One reply on “Asking Mark Field MP To #StopBrexit”

I received the reply below from Mark Field. It is clearly infinitely better argued that the scattered selection of non-sequiturs received by colleagues unfortunate enough to live in Vauxhall. I am considering my reply.


Mark Field
Re: Brexit Is Economically Catastrophic (Case Ref: ZA20681)
To: Tim Short

Dear Mr Short,

Thank you for your recent e-mail.

As you may know, I myself campaigned passionately for the Remain side during the referendum but have consistently said ever since that I will support Government negotiations towards an orderly break from the EU, and, despite all that has happened in recent weeks, I maintain this position.

The reality is that the draft agreement represents a positive first step out of the EU. It may not be perfect, though nothing was ever likely to satisfy all sides of this impassioned debate. What it is, however, is a pragmatic and, above all, workable arrangement with the EU 27 from which to make meaningful progress on our future trading relationship. What has also become clear since the agreement’s announcement is that there is no realistic, constructive alternative vision for Brexit among those MPs who are so critical of the Prime Minister.

The City of London recently said that a no-deal Brexit is in nobody’s interest and that a degree of certainty about our future relationship with the EU must be restored as quickly as possible, lest we face the potentially disastrous consequences of a cliff-edge exit. Accordingly, the City has welcomed the draft agreement as it provides businesses with some much-needed clarity on the nature of our future relationship with the EU and assures the sector of a transition period crucial to preparing for the manifold complexities presented by our departure.

As the Foreign Office Minister for Asia and the Pacific, one of the salutary lessons I have learnt from that part of the world when speaking about the impact of Brexit on trade is how relaxed most of my counterparts are.

Most of these nations have traded, exchanged students and culturally co-operated with the UK for many decades or even centuries. They recognise that there may well be a short period of uncertainty, but they remain confident that it will be ‘business as usual’ in the decades ahead and are looking forward to engaging with the UK as truly global-looking nation who can take more of an active role in trade and other partnerships in the region than we do presently.

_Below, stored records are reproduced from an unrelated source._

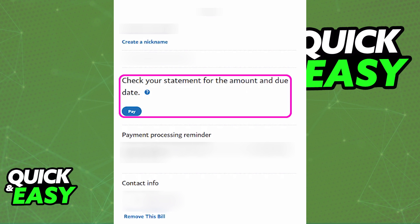As long as you follow the instructions presented on screen and you have a payment method registered to your PayPal account, you will be able to pay any bills through PayPal. Just make sure to register it properly and select the valid payment method.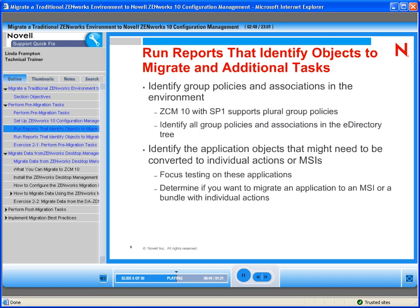Also, identify application objects that might need to be converted into individual actions or MSIs. You really need to make sure that you are testing all of the applications that come across. Applications that have been converted into individual actions or into MSIs may need additional work to make sure that they are going to function properly in your new environment.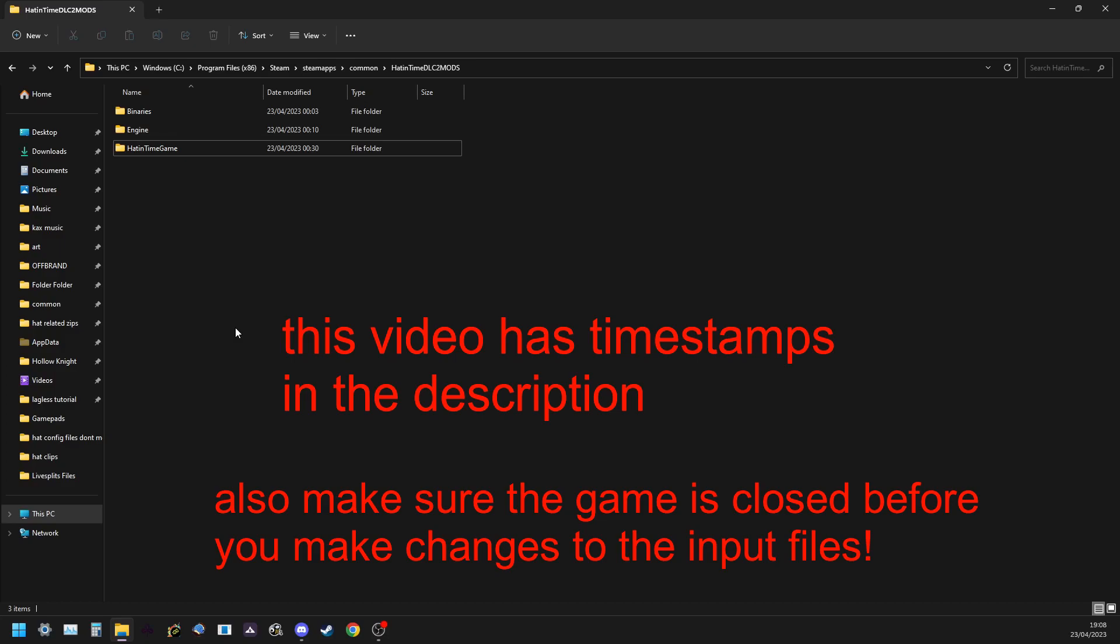Alright, so in this video I'll be going over how to rebind for A Hat in Time. I'll go over where to find your input files, how to read the input files, and how to rebind, and then some suggestions for keyboard binds and controller binds, and then a very useful back-to-hub bind, and the even more useful automatic text-mashing bind for both keyboard and controller.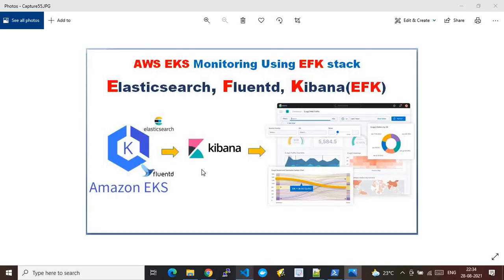In this video I will show you how we can monitor an AWS EKS cluster using the EFK stack, where EFK stands for Elasticsearch, Fluentd, and Kibana. This picture represents my complete demo where I will be creating an EKS cluster in AWS and hosting the EFK stack inside it. This stack is used for monitoring the complete EKS workloads and contains three components: Fluentd, Elasticsearch, and Kibana.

Indeed I would refer you again to my article in which I discuss the UK’s opportunity to embrace relations with Asia (in particular ASEAN), as well as a speech I made recently in Jakarta:

In regard to migration, a large number of Britons demand that the flow of workers from abroad be stemmed upon Brexit. This is not what many businesses or public sector employers want, and I am sympathetic to their concerns having long felt that too many of our fellow Britons lack the skills required to command a living wage in what is now a globalised economy.

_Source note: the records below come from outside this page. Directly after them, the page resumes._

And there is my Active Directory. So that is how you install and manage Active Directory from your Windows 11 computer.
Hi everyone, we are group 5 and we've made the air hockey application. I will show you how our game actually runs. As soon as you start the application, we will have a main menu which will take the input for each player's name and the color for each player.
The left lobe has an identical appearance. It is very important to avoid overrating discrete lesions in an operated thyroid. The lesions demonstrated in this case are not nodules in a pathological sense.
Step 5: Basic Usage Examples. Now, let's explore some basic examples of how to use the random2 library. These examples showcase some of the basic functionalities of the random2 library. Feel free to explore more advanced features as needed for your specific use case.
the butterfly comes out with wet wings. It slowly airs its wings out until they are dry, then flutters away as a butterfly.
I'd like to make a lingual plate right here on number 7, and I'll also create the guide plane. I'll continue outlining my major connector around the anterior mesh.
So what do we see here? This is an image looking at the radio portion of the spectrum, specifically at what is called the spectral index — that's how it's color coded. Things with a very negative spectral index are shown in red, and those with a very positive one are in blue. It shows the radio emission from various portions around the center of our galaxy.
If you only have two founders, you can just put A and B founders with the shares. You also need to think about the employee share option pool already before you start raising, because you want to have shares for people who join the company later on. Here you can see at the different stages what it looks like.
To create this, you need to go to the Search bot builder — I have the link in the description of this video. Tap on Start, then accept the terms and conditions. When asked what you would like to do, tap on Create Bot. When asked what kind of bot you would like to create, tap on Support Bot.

The ending of Freedom of Movement will force us to tackle this indigenous skills shortage head-on, and address what I feel was one of the reasons the referendum returned the decision to leave (that is, the sense that modern capitalism is now skewed against the interests of many living outside London and the South East more broadly).

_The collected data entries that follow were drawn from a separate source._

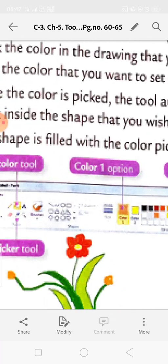The Color Picker tool is mainly used to match colors in a drawing. To use it: click the Home tab, in the Tools group click the Color Picker tool, then click the color in the drawing to set it as the foreground color, or right-click to set it as the background color. Once picked, the tool automatically changes to the Fill with Color tool. Click inside the shape you wish to color - it gets filled with the picked color.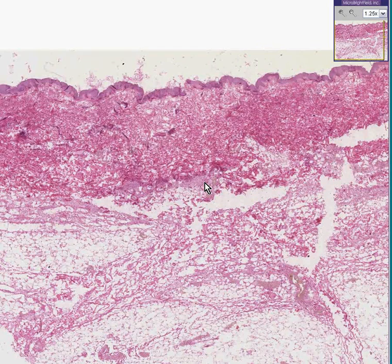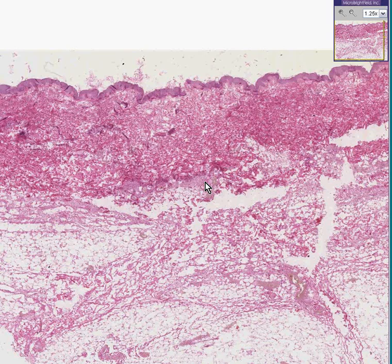This is erysipelas caused by Group A Strep, and I thank you very much.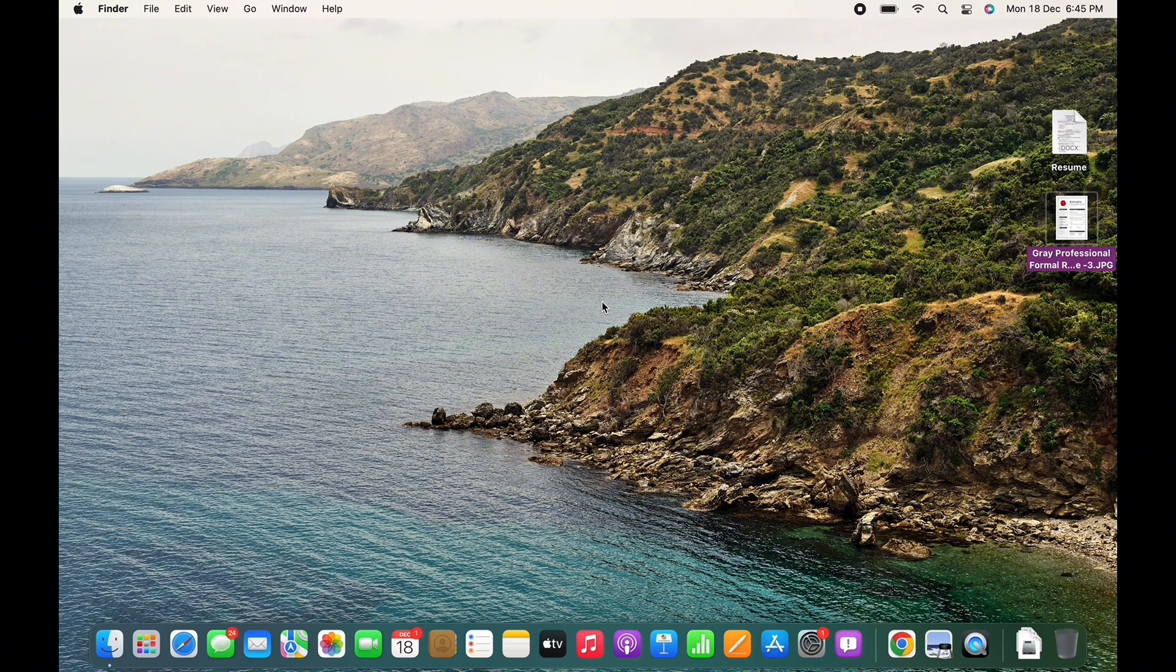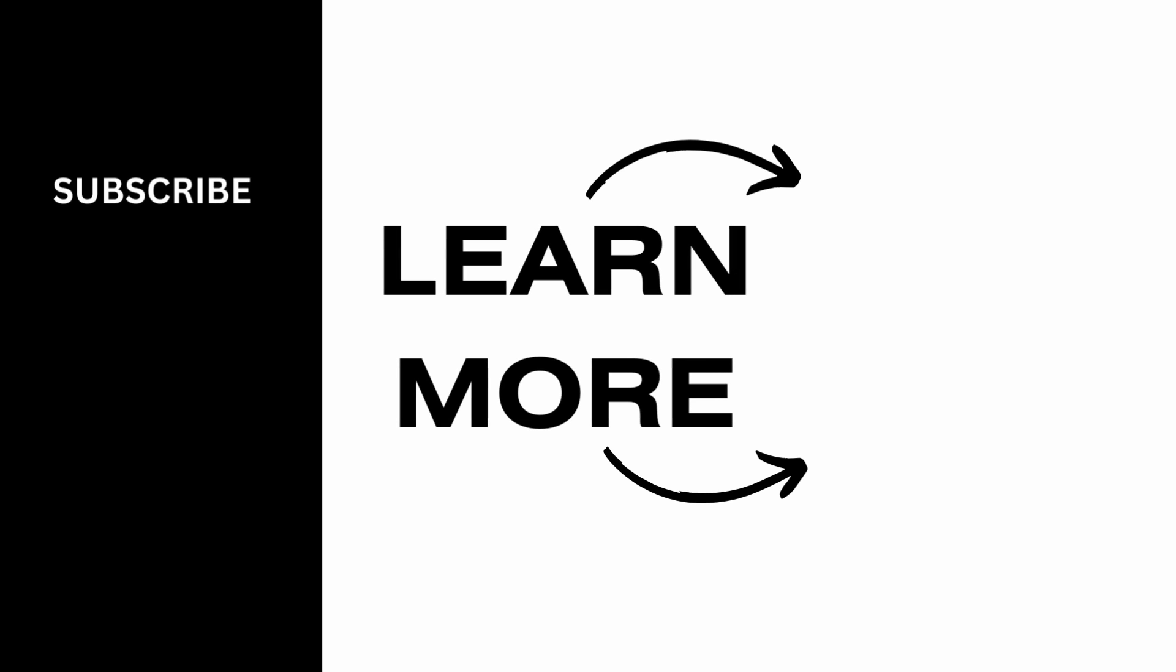If you find this tutorial helpful, do subscribe to our channel. Thank you for staying with us until the end.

Such an indigenous skills revolution would require a commitment to improve vocational and technical education. All too many UK school leavers and graduates are underemployed at a time where we struggle to fill vacancies for carers, computer coders and town planners. Post-Brexit, we should look to develop and nurture our home-grown talent before seeking low-cost alternatives from the continent, whilst also sourcing the very best talent from across the globe under the terms of a new immigration policy that is equally as open talent from the East as it is Europe.